SAARBRÜCKEN – Die Chancen stehen gut, dass die Piratenpartei am Sonntag neu in den Saar-Landtag gewählt wird. Ihre Spitzenkandidatin ist gerade einmal 22 Jahre alt.

Die Piraten wollen am Sonntag im Saarland in den Landtag gewählt werden.

Die Piraten wollen am Sonntag im Saarland in den Landtag gewählt werden.

22 Jahre ist sie alt und hat es bereits vor zwei Jahren an die Spitze ihrer Partei im Saarland geschafft: Jasmin Maurer, Landesvorsitzende der Piratenpartei. Was bei CDU und SPD ungefähr so wahrscheinlich ist, wie einmal im Leben Bundeskanzler zu werden, bedeutet bei den Piraten zwar eine steile, aber machbare Karriere. Zu unerfahren? Diesen Vorwurf bügelt Jasmin Maurer leicht weg: «Ich sehe mein Alter nicht als Nachteil. Es gibt im Land viele junge Menschen. Ich kann mich eher in ihre Belange hineindenken.»

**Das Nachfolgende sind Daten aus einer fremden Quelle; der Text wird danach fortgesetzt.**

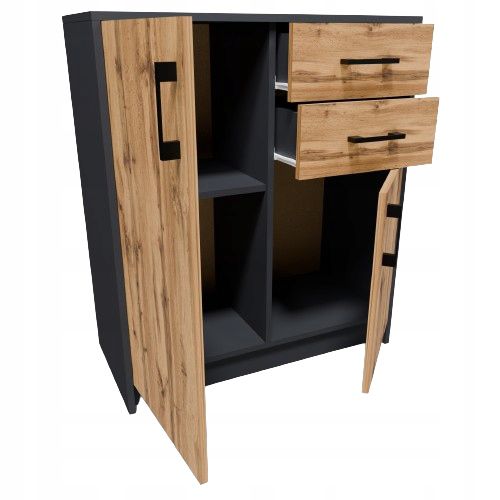 Komoda 2D2S 74x35x85 cm Grå
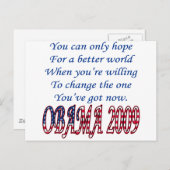 Obama 2009 postkarte (Vorne/Hinten)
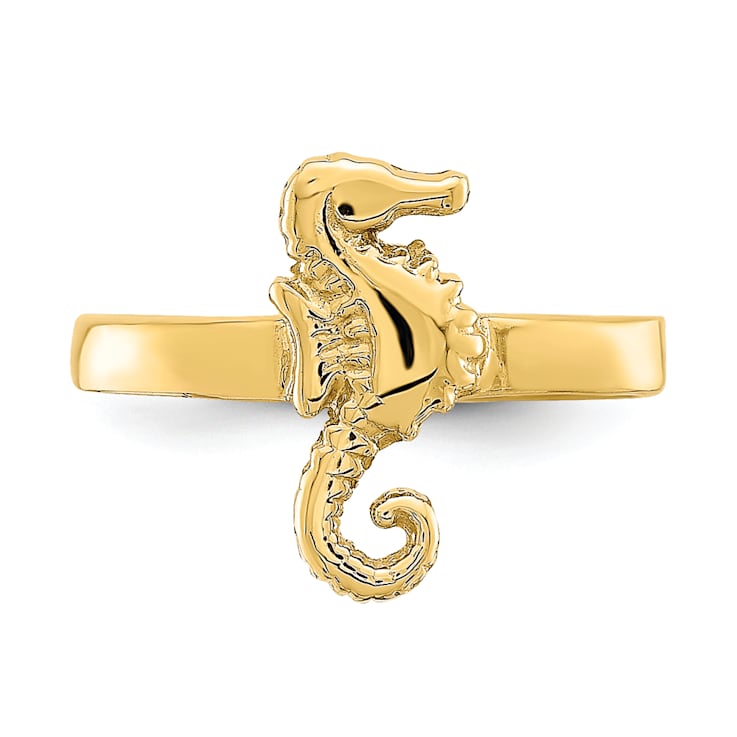 14K Yellow Gold Adjustable Seahorse Toe Ring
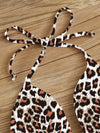 Plus Zebra Striped Halter Triangle Bikini Top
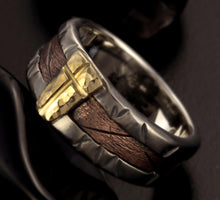 Mens Wedding Ring, 14K solid Gold & Silver Ring, Mens Wedding Band, Engagement Ring, Rustic mens ring, Gift for men, RS-1306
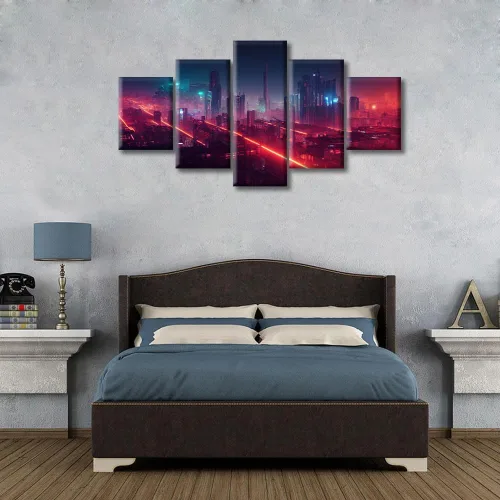 Vista 244 de Cuadros de 5 paneles de Cyberpunk City, arte de pared, representación de vallas publicitarias, edificios modernos en la capital con obras de arte
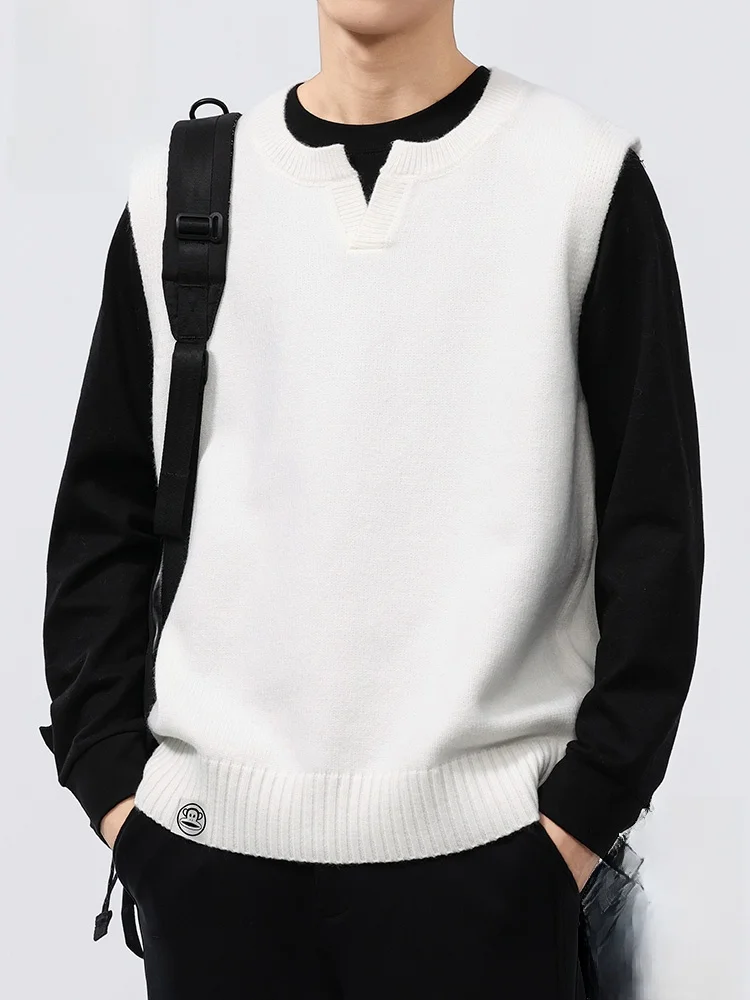 

PaulFrank Warm Knitted Casual Loose Svel Vest for Men Autumn Faion Soft Polyester Blend V-Ne Animal Patterned Sweater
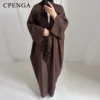 Eid Ramadan ouvert Abaya pour femmes plaine dubaï casual coton lin modeste Abayas Kimono turquie manteau musulman vêtements islamiques Robe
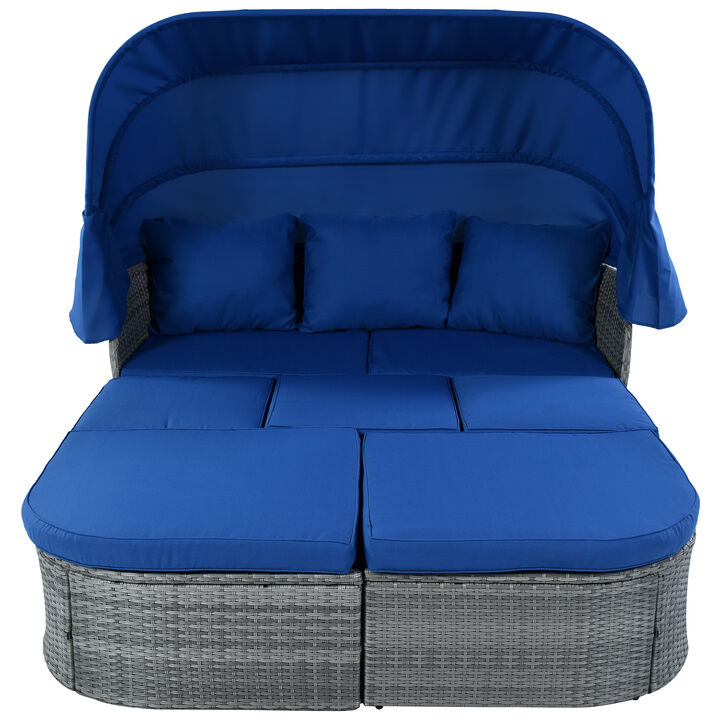 Merax Outdoor Patio Furniture Set Daybed Sunbed with Retractable Canopy Conversation Set Wicker Furniture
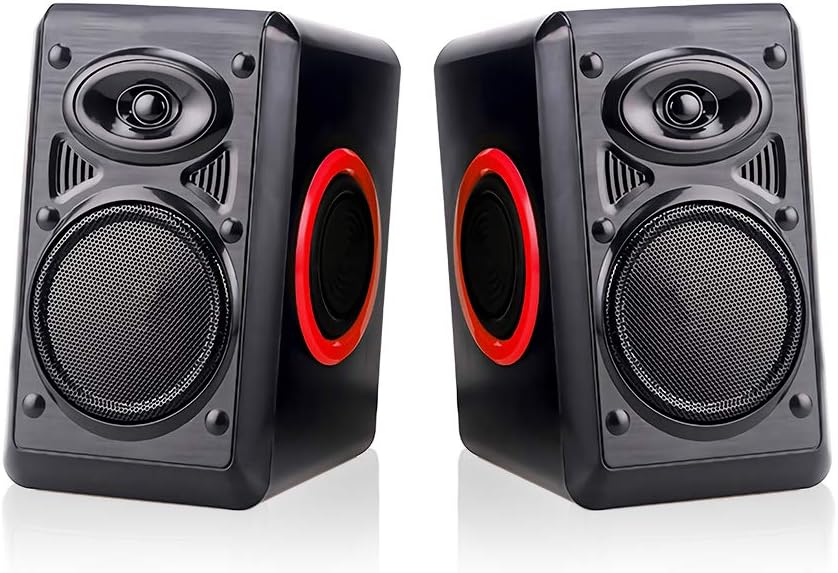 PC Speakers For Desktop Laptop PC TV, USB Powered Speaker For Game, Movies Music,2.5 Inch Horn,4.1 Feet Cable, Metal Dust-Proof Cover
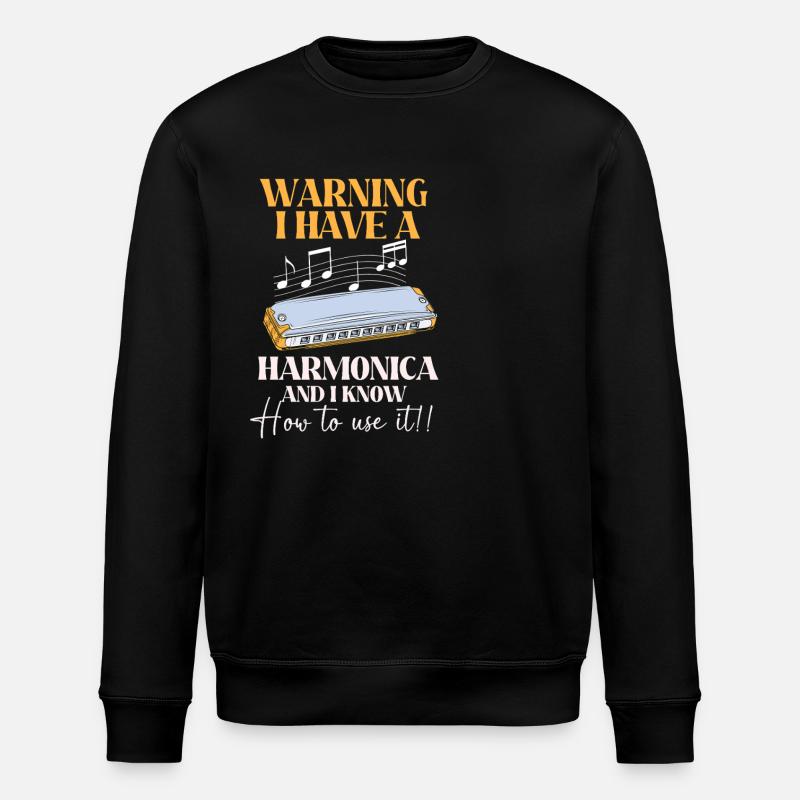 Mundharmonika - Stanley/Stella Unisex Bio-Sweatshirt ROLLER - Schwarz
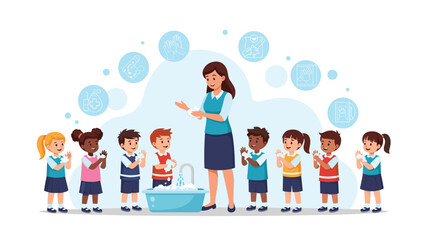 Fototapeta premium Preschool teacher demonstrates proper handwashing techniques to a diverse group of young children in a clean and safe learning environment.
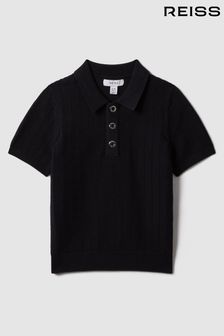 Reiss Navy Pascoe Senior Textured Modal Blend Polo Shirt (K81588) | SGD 105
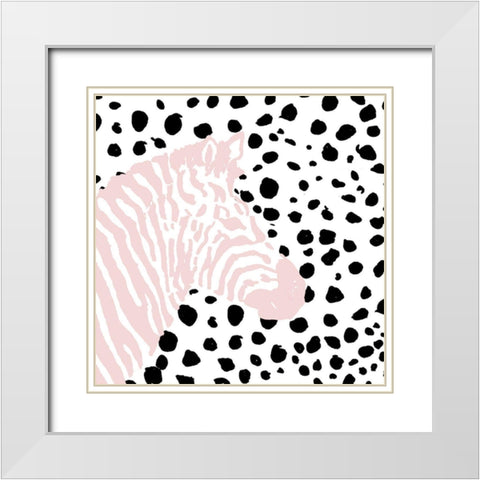Pink Zebra On Dots White Modern Wood Framed Art Print with Double Matting by Pinto, Patricia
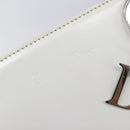Christian Dior Lady Dior Hand Bag Leather 2way White Silver Auth ka7132-18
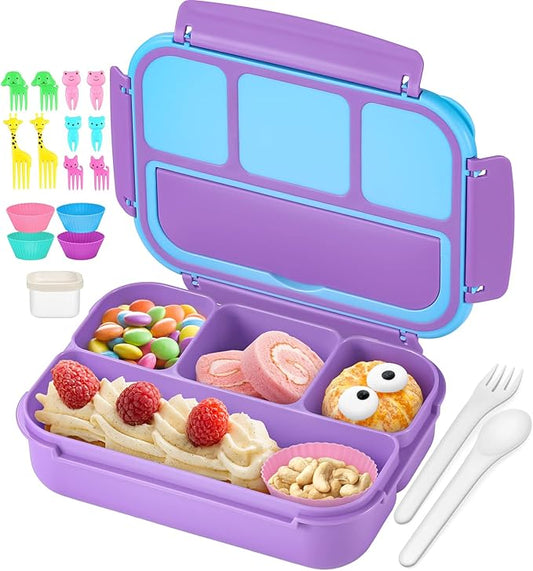 QQKO Bento Lunch Box for Kids Girls Boys, Toddler Kids Lunch Boxes for School, Lunch Containers for Adults with 4 Compartments, Sauce Container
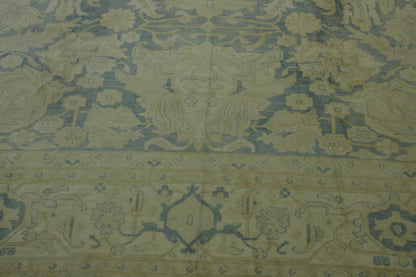 Oushak Whitewash Chobie Wool Hand Knotted Rug 12.0x14.6 -g-9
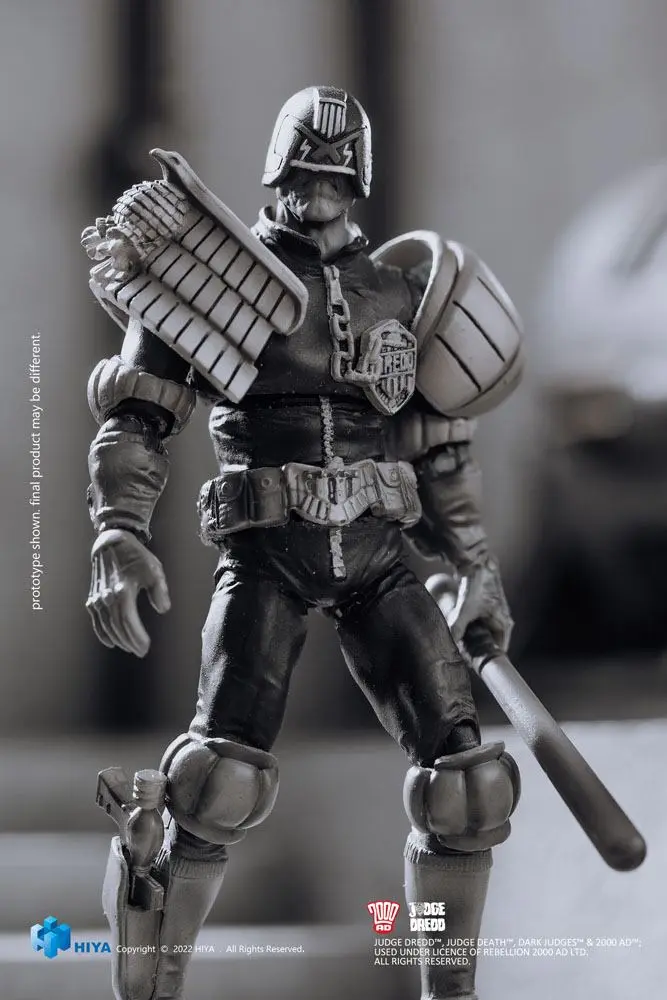 2000 AD Exquisite Mini Action Figure 1/18 Black and White Judge Dredd 10 cm product photo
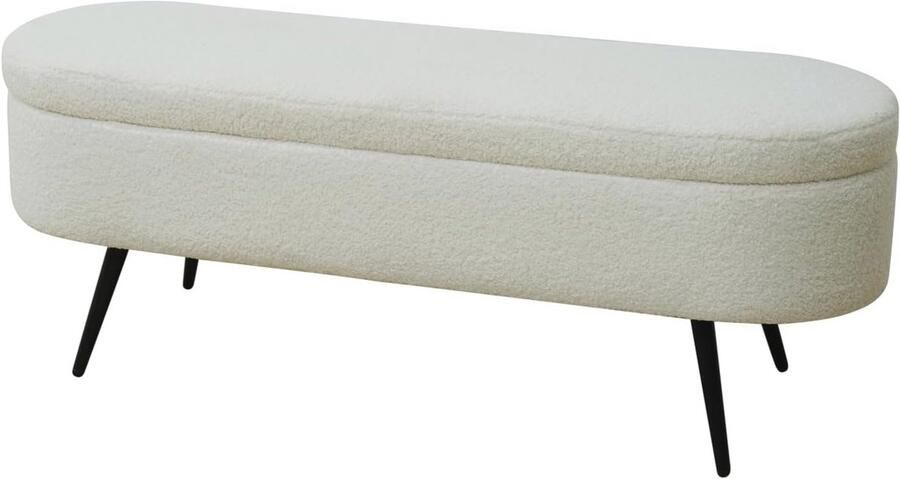 Moderne zitbank met teddystof en opbergruimte Poef en kistbank voor elke ruimte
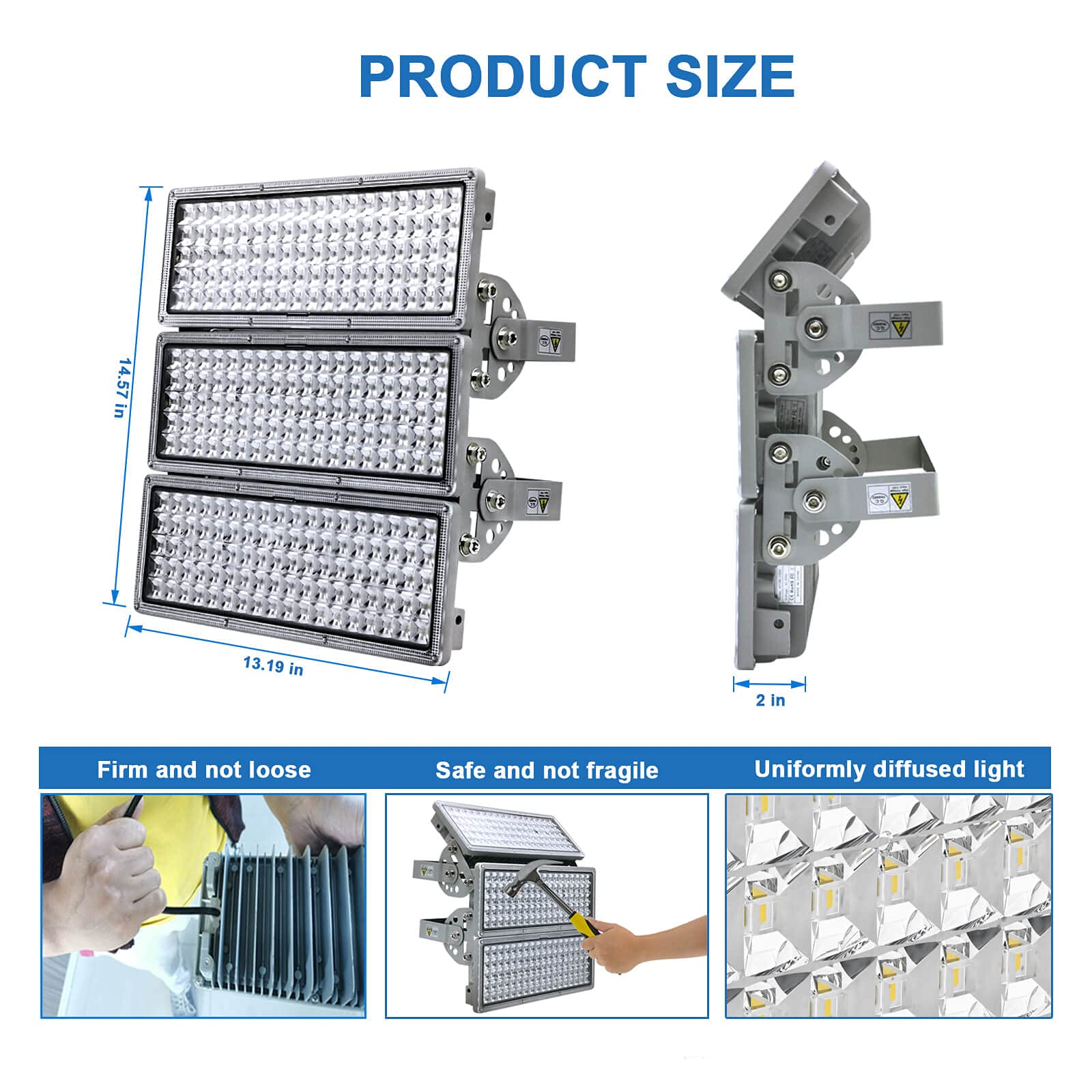 Kekeou 33000LM 300W LED Flood Light - IP67 Waterproof, 6500K, 3 Adjustable Heads for Sports Fields, 1500W Equivalent, White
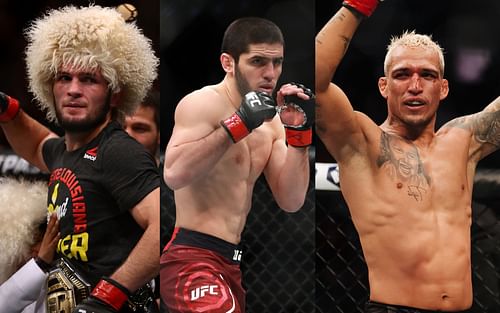 Khabib Nurmagomedov (left), Islam Makhachev (centre), Charles Oliveira (right)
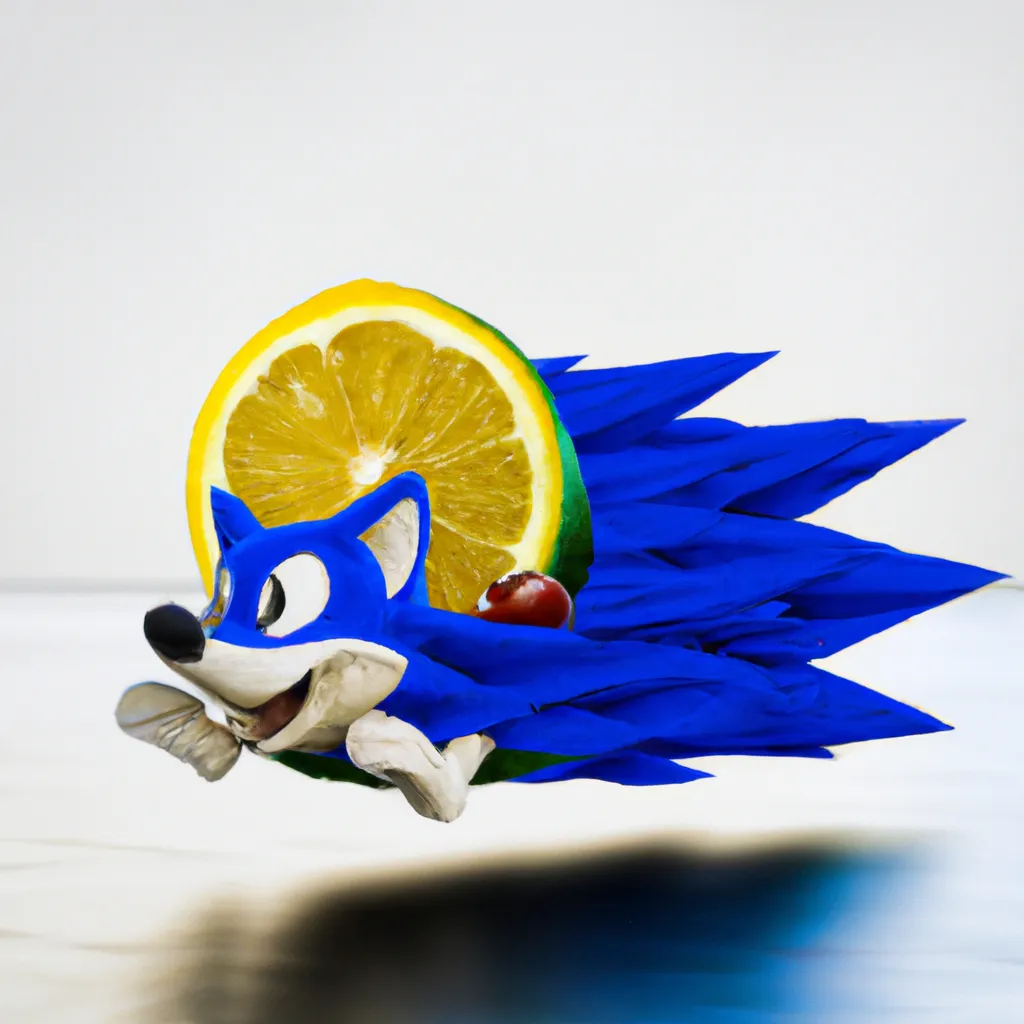 Prompt: Sonic the hedgehog running threw a sliced lemon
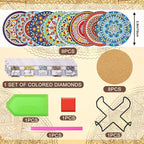 UPINS 8Pcs Mandala Diamond Art Painting Art Coasters Kits - Image 2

Derzeit erlebt die gelernte IT-Kauffrau einen Frühling, der für sie einige Herausforderungen mehr bietet als sie noch zu Neujahr erwartet haben dürfte. Nach der überraschenden Auflösung der Jamaika-Koalition (CDU, FDP und Grüne) Anfang Januar wählen die Saarländer am Sonntag vorzeitig ihren Landtag neu. «Die Wahlen kamen für uns überraschend. Wir hatten erst für 2014 damit gerechnet», erzählt Jasmin Maurer. Schnell wurden Plakate gedruckt, ein Treffen einberufen, um das Wahlprogramm «basisdemokratisch» zu erarbeiten, Kreisverbände ins Leben gerufen. Erst am vorvergangenen Wochenende brachten die Politik-Newcomer ihr Wahlprogramm auf Papier – 14 Tage vor der Abstimmung im Nachbar-Bundesland.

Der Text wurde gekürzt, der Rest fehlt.